Vagues côtières

J'ai entrepris un travail de modélisation des vagues côtières dans les zones de levée (shoaling zone), de surf et de jet de rive (swash zone) d'abord dans le cadre de la thèse de doctorat de Maria Kazakova à l'Institut de Mathématiques de Toulouse (Kazakova & Richard 2019) puis en collaboration avec Arnaud Duran et Benoît Fabrèges de l'Institut Camille Jordan (Richard, Duran & Fabrèges 2019).
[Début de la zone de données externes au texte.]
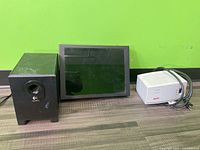 Front view of Logitech subwoofer, monitor and APC surge protector on wood surface against green wall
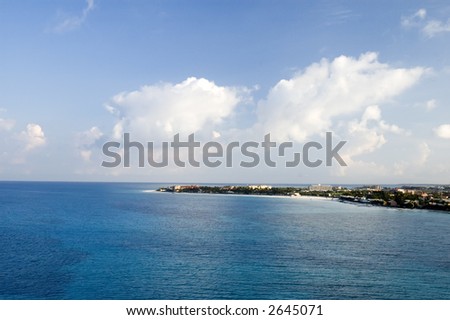 Blue Caribbean ocean water with point of aruba and blue sky and clouds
Cet axe de recherche prolonge la thématique sur l'hydraulique à surface libre en rajoutant le phénomène de dispersion, très important pour la propagation des vagues côtières dans la zone de levée (avant déferlement) mais très délicat pour la résolution numérique. Une autre difficulté numérique typique des vagues côtières est la propagation des vagues dans la zone de jet de rive, qui est la partie de la plage alternativement découverte et recouverte par la mer. L'étude des phénomènes de jet de rive (run-up) et de jet de retour (run-down) nécessite de résoudre numériquement la propagation de vagues sur front sec.

Le modèle développé est un modèle complètement non-linéaire, à résolution de vagues, modélisant explicitement la turbulence de grande échelle. Il se distingue des modèles à phase moyennée, qui ne résolvent pas les vagues et qui décrivent généralement la propagation des vagues déferlantes à l'aide de théories linéaires. L'approche choisie intègre les non-linéarités sans aucune hypothèse de petitesse sur la non-linéarité des vagues. Elle présente donc les mêmes propriétés non-linéaires que les équations de Serre (dites aussi de Green-Naghdi), qui permettent une description supérieure aux équations faiblement non-linéaires de Boussinesq. Alors que dans les modèles de type switching, la turbulence n'est pas modélisée (les vagues déferlantes sont décrites par les équations de Saint-Venant) et que, dans les modèles à viscosité turbulente, la turbulence est entièrement modélisée par une hypothèse de viscosité turbulente, le modèle développé dans Kazakova & Richard (2019) et Richard et al. (2019) utilise les équations filtrées de simulation des grandes échelles de la turbulence (LES Large Eddy Simulation) pour les moyenner sur la profondeur. La turbulence de grande échelle est donc résolue et prise en compte explicitement par une grandeur moyennée sur la profondeur, homogène au carré d'une vorticité, et de caractère tensoriel, le tenseur enstrophie. Cette approche permet d'inclure l'anisotropie de la turbulence de grande échelle. Les situations éloignées de l'équilibre entre la production et la dissipation de turbulence sont mieux décrites, de même que la production de la vorticité verticale des grands tourbillons 2D. Seule la turbulence de petite échelle est modélisée par une hypothèse de viscosité turbulence.

La résolution numérique fait intervenir l'optimisation des propriétés dispersives des équations de Serre (Bonneton et al. 2011), la méthode à diagonale constante de Lannes & Marche (2015) et le schéma de type Galerkin Discontinu de Duran & Marche (2017).

Le recours à des critères de début et de fin déferlement est un point faible des modèles de vagues côtières. Notre approche permet de supprimer complètement tout critère de fin de déferlement et de supprimer le critère de début de déferlement pour des vagues initialement faiblement non-linéaires. Un objectif est de supprimer complètement ce critère, ce qui améliorerait considérablement le caractère prédictif du modèle.

L'animation ci-dessous présente la propagation d'une onde solitaire autour d'une île conique. Il s'agit d'une simulation numérique des expériences de Liu et al. (1995) et Briggs et al. (1995) sur la propagation d'un tsunami sur une île. La simulation numérique reproduit bien les expériences, y compris le jet de rive sur le côté abrité de l'île (plus de détails dans Richard et al. 2019).

L'animation ci-dessous est une simulation numérique des expériences de Swigler (2009) où une onde solitaire déferle sur un récif conique et une plage. La bathymétrie est complexe. La propagation inclut déferlement, jet de rive, jet de retour et formation d'un ressaut hydraulique à la fin du jet de retour. La couleur représente la valeur de la trace du tenseur enstrophie : bleu (pas d'enstrophie), rouge (forte enstrophie). Les phénomènes observés expérimentalement sont bien reproduits (pour plus de détails, voir Richard et al. 2019).